(Caption-style text data)

---

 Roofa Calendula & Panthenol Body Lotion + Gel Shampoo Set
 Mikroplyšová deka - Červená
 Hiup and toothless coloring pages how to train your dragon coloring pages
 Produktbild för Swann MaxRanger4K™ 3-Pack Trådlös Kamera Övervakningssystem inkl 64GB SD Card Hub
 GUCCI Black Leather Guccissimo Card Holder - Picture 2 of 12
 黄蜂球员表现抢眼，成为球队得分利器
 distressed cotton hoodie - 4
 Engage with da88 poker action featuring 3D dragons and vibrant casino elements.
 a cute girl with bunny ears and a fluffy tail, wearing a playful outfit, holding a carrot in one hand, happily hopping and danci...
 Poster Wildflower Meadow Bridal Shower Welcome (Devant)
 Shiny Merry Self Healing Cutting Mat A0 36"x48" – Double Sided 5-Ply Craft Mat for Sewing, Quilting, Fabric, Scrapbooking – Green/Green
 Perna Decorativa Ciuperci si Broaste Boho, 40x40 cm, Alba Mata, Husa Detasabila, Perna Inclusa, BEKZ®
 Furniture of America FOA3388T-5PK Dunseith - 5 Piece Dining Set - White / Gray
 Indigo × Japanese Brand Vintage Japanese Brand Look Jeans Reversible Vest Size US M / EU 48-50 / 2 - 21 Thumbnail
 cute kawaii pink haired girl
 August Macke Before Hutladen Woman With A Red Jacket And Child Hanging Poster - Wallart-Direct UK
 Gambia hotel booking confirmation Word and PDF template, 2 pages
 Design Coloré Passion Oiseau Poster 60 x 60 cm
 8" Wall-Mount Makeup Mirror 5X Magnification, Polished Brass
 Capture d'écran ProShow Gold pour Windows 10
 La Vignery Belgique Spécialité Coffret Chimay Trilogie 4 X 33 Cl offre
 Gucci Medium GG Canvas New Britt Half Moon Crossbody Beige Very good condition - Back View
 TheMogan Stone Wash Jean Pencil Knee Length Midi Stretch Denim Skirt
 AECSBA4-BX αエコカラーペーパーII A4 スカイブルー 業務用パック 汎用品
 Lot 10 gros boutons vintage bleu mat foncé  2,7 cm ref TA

---

*Task requirements*
Could you retype every record above exactly as it appears?

*Response for this exercise*
 Roofa Calendula & Panthenol Body Lotion + Gel Shampoo Set
 Mikroplyšová deka - Červená
 Hiup and toothless coloring pages how to train your dragon coloring pages
 Produktbild för Swann MaxRanger4K™ 3-Pack Trådlös Kamera Övervakningssystem inkl 64GB SD Card Hub
 GUCCI Black Leather Guccissimo Card Holder - Picture 2 of 12
 黄蜂球员表现抢眼，成为球队得分利器
 distressed cotton hoodie - 4
 Engage with da88 poker action featuring 3D dragons and vibrant casino elements.
 a cute girl with bunny ears and a fluffy tail, wearing a playful outfit, holding a carrot in one hand, happily hopping and danci...
 Poster Wildflower Meadow Bridal Shower Welcome (Devant)
 Shiny Merry Self Healing Cutting Mat A0 36"x48" – Double Sided 5-Ply Craft Mat for Sewing, Quilting, Fabric, Scrapbooking – Green/Green
 Perna Decorativa Ciuperci si Broaste Boho, 40x40 cm, Alba Mata, Husa Detasabila, Perna Inclusa, BEKZ®
 Furniture of America FOA3388T-5PK Dunseith - 5 Piece Dining Set - White / Gray
 Indigo × Japanese Brand Vintage Japanese Brand Look Jeans Reversible Vest Size US M / EU 48-50 / 2 - 21 Thumbnail
 cute kawaii pink haired girl
 August Macke Before Hutladen Woman With A Red Jacket And Child Hanging Poster - Wallart-Direct UK
 Gambia hotel booking confirmation Word and PDF template, 2 pages
 Design Coloré Passion Oiseau Poster 60 x 60 cm
 8" Wall-Mount Makeup Mirror 5X Magnification, Polished Brass
 Capture d'écran ProShow Gold pour Windows 10
 La Vignery Belgique Spécialité Coffret Chimay Trilogie 4 X 33 Cl offre
 Gucci Medium GG Canvas New Britt Half Moon Crossbody Beige Very good condition - Back View
 TheMogan Stone Wash Jean Pencil Knee Length Midi Stretch Denim Skirt
 AECSBA4-BX αエコカラーペーパーII A4 スカイブルー 業務用パック 汎用品
 Lot 10 gros boutons vintage bleu mat foncé  2,7 cm ref TA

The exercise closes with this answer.